Data to process:
· · · · ·

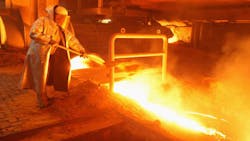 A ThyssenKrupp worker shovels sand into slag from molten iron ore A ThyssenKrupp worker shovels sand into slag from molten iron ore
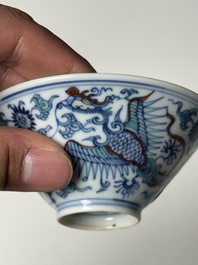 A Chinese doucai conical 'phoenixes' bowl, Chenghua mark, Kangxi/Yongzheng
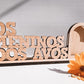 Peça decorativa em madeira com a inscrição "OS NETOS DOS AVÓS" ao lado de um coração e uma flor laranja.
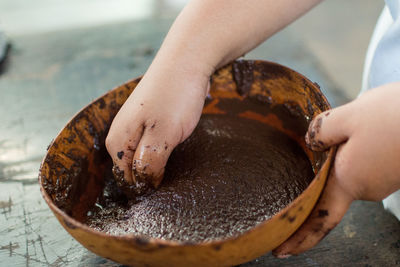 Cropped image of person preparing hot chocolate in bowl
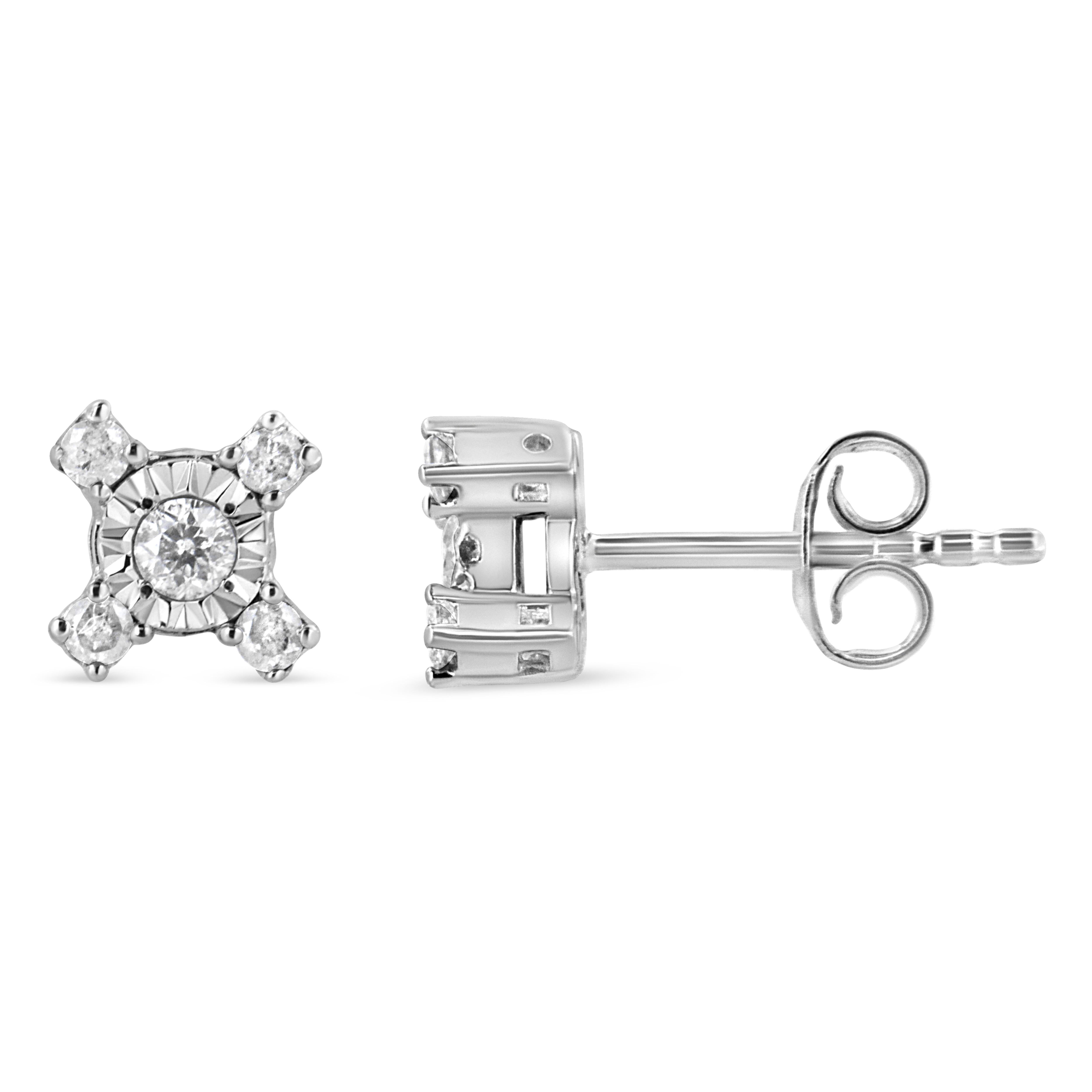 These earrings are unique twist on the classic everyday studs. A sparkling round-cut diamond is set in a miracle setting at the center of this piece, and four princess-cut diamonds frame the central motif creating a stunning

· · · · ·

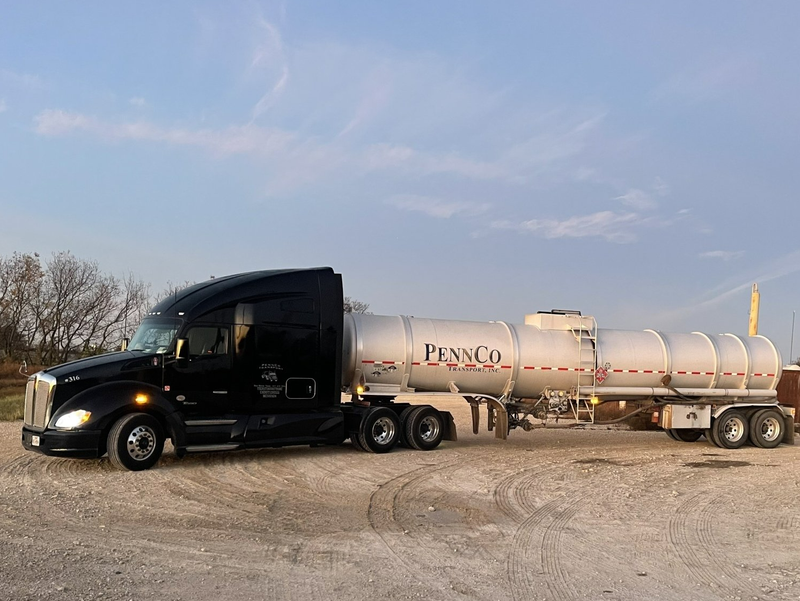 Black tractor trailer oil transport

· · · · ·

Exercise goal: Would you copy the lines above exactly, starting with the one that has "A Chinese doucai" and ending with the one that has "Cropped image of", both included, without the pictures?

Exercise solution:
 A Chinese doucai conical 'phoenixes' bowl, Chenghua mark, Kangxi/Yongzheng
 Peça decorativa em madeira com a inscrição "OS NETOS DOS AVÓS" ao lado de um coração e uma flor laranja.
 Cropped image of person preparing hot chocolate in bowl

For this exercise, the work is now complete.